Na trama do tempo, deixava passar as horas como se fossem ônibus lotados. Sem direção alguma, seu destino era viver a perder de vista. Nada a desejar, ninguém a esperar, muito pelo contrário. Do sol da manhã, o calor. Da tarde cinza, o gelo de todas as eras. Assim corriam seus dias, em rota circular, como se isto fizesse algum sentido. Ao seu redor só inimigos. Uma lista interminável que incluia a todos, sem trégua. Só poupava um, aquele, que via refletido em lágrimas e gotas de suor. Deste tinha medo, calava, tremia, não reconhecia. De um ponto a outro sem cessar, nem santo, nem demônio, era assim, possuído.
microcrises : o ralo
Imagem de Maitê Parisi
Eu já senti essa dor antes. Sei como ela funciona. Se instala aos poucos e cresce sem que se perceba. Quando me dei conta, já era tarde demais. Senti essa dor algumas dezenas de vezes e, mesmo assim, não consegui evitá-la. É como um vírus mutante que muda de forma a cada nova infecção. Acordei com os sintomas clássicos: ansiedade misturada com indisposição; a mente se volta para o passado e não enxerga nem presente, nem futuro. A vontade de ficar na cama é enorme, o corpo todo dói por dentro, o peito se enche de um líquido negro e denso. Ao olhar no espelho do banheiro percebi que todas as veias do meio pescoço haviam saltado. Era possível vê-las sob a pele fina, como fios elétricos em tons de azul e verde, subindo pelo meu rosto, irrigando minhas têmporas. Tomei alguns comprimidos mas sabia que a tentativa era inútil. A batalha havia terminado antes mesmo de começar e eu perdi. Agora onde estou, sentado no chão do box, abraço minhas pernas e fico quieto, muito quieto. É o único jeito. Ficar aqui por um dia, um ano, um século, até que água leve tudo aquilo que não faz mais parte de mim.
microcrises : sobras
Se não for mais o médico, o engenheiro, o artista? Nem marido, namorado ou amante? Se não for mais o dono, nem o empregado, jovem e bonito? E se meu dinheiro acabar? Se não for mais o pai, o filho, o amigo, o irmão? Nem o bonzinho, nem o filho-da-puta, vítima ou assassino? Se tudo se diluir agora? O que restará de mim?
microcrises – prato feito
O que você gosta mesmo é de elogios.

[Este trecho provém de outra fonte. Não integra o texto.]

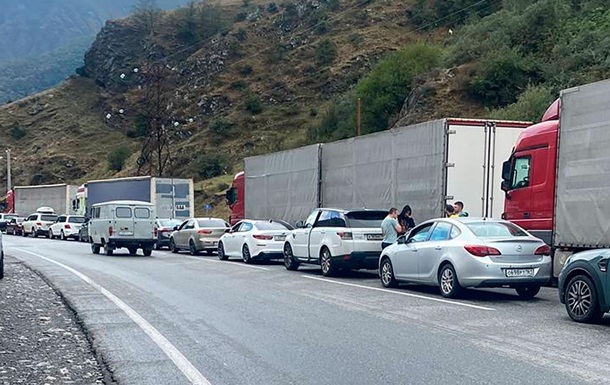 Російсько-грузинський кордон переїжджають самокатами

Aqueles bem fáceis e superficiais. Engole todos sem ao menos mastigá-los direito. Devora pratos feitos e nunca está satisfeita, porque os elogios fáceis tem um sabor intenso no início, porém dissolvem-se na boca em questão de segundos. Não leu o rótulo na embalagem? As letrinhas miúdas? Alguns elogios carregam altas doses de mentira e inveja, disfarçadas pelos tons sedutores dos corantes. Por isso são tão suculentos. Você joga os talheres para o alto e devora tudo com as mãos, dilacerando entre dentes nacos de esperança e fantasia.

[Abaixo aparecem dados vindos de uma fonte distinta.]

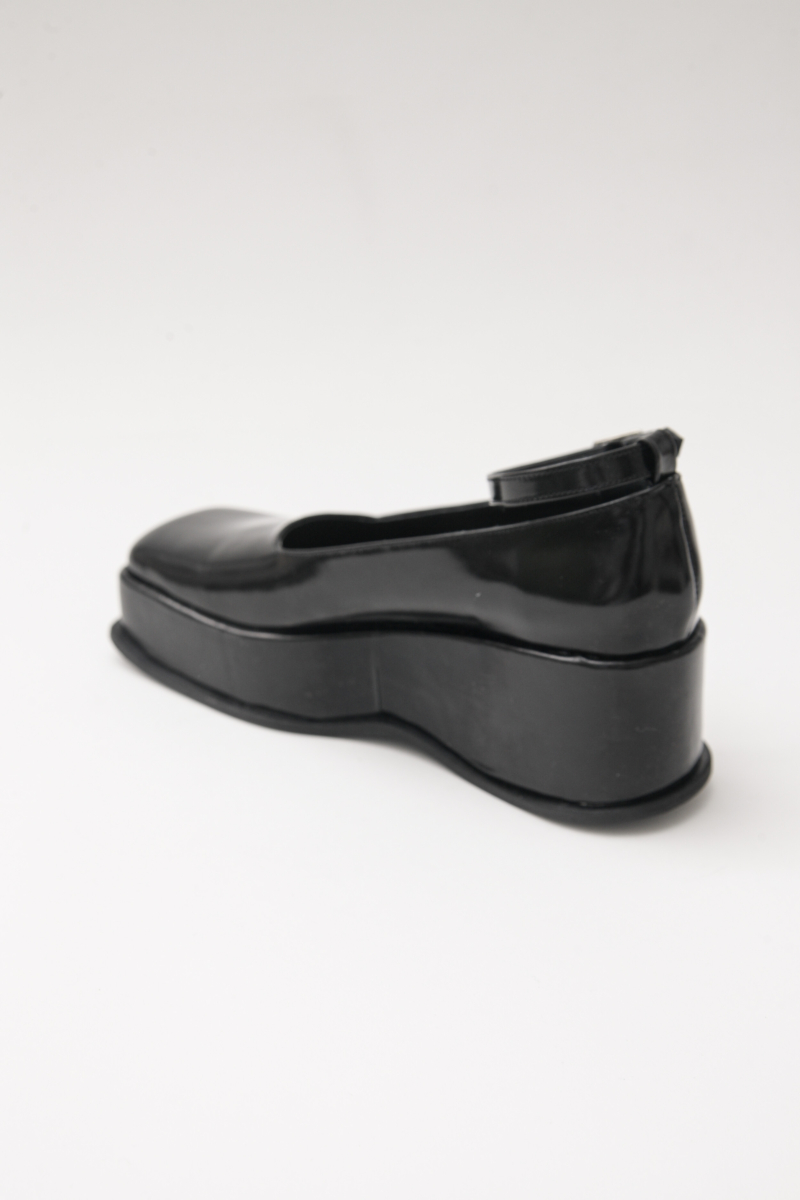 ZAPATO DE CUERO GINKGO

microcrises - anjo vingador
Lá no fundo você não é nada disso. Nem daquilo. É uma obra imaginária, criada para enganar, ludibriar, perverter. O primeiro grande otário. Você mesmo que acredita em tudo que inventa. Ao rolar escada abaixo em busca do poder absoluto, este ser ilusório que atende pelo seu nome, vende fácil o que não pode ser comprado. O que seria desta sua existência medíocre se o anjo vingador, ao esfaquear seu coração mil vezes, esquecesse de olhar nos seus olhos e sussurrar: a sua sorte é que eu te amo.